We are thankful to Reviewer 2 for their acknowledgement of the work we put into this manuscript.
That said, I do have some concerns and questions regarding the realism and validity of the predictions, based on species distribution data outside of the target region (Canada), and on a predicted metaweb based on species interactions from a different continent, which results in predictive algorithms trained on data outside the target region(s). Moreover, the study bases prediction upon prediction in a long pipeline of predictions, are there any risk involved with this in terms of how realistic the networks are? Could you add some reflections about this in the main text.

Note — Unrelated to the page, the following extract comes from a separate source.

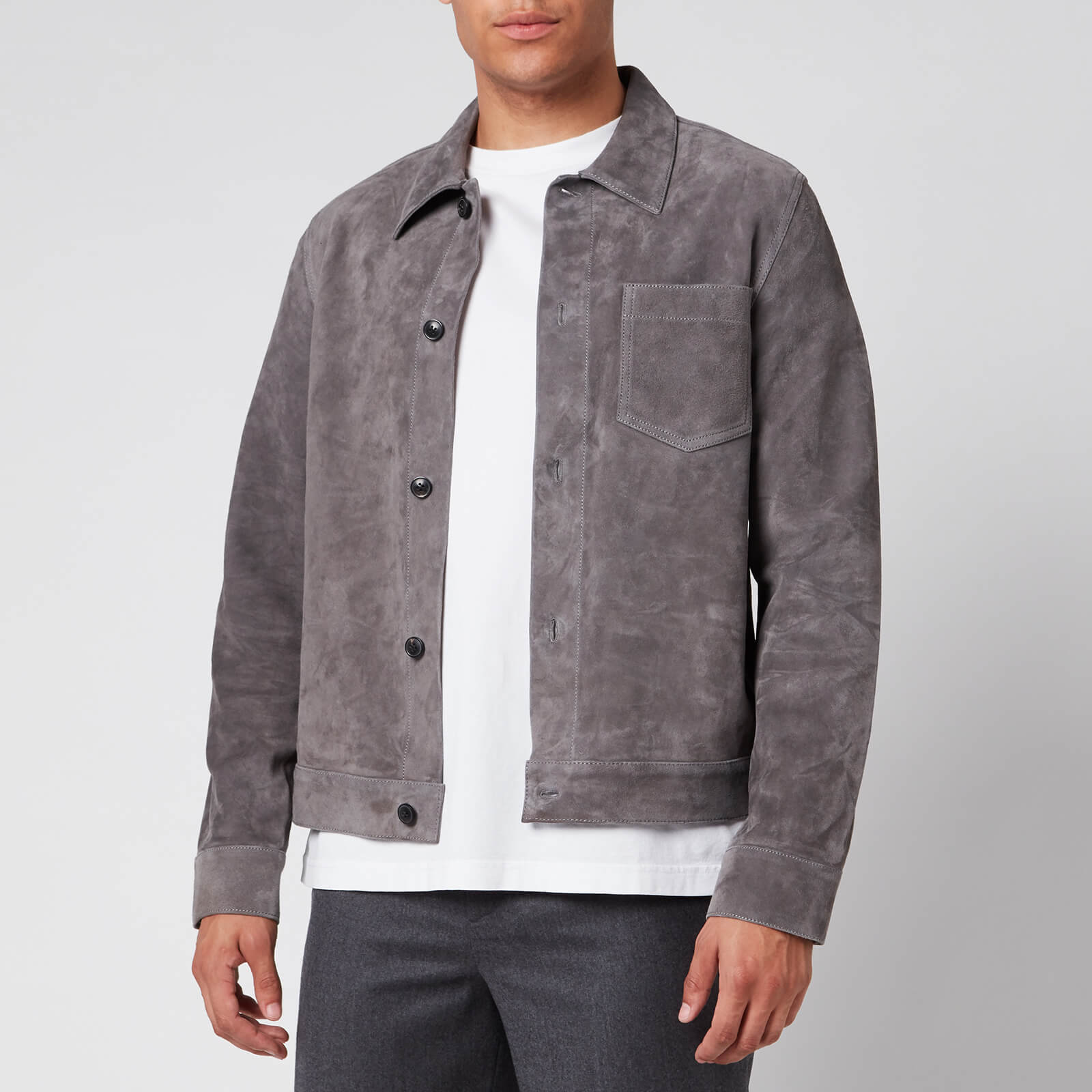 【50％OFF】 12529077-5694806248081070.jpg ジャケット・アウター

We would like to point out that the Canadian metaweb was validated when presented by @Strydom2022FooWeb, which we also clarified in the main text (L106-107). The success rate (as measured by accuracy) was 91% for interactions recorded in the Global Biotic Interactions (GloBI) database and of 92% for interactions documented in Newfoundland by Strong and Leroux (2014). These success rates are extremely high given that only 4% of species are shared with Europe. We also evaluated the performance of our SDMs, which was very high for all species (available on GitHub). Given these, we believe our predictions will be realistic enough, especially as we now further focused on potential distributions following Reviewer 1's suggestions. Our intent is to represent potential networks and potential variation in space as a first methodological step, which we achieve here in an explicit way as we use and report probabilistic values throughout. Nevertheless (as we describe in response to a future comment), we have added a paragraph in the discussion to outline a concrete series of recommendations about validation.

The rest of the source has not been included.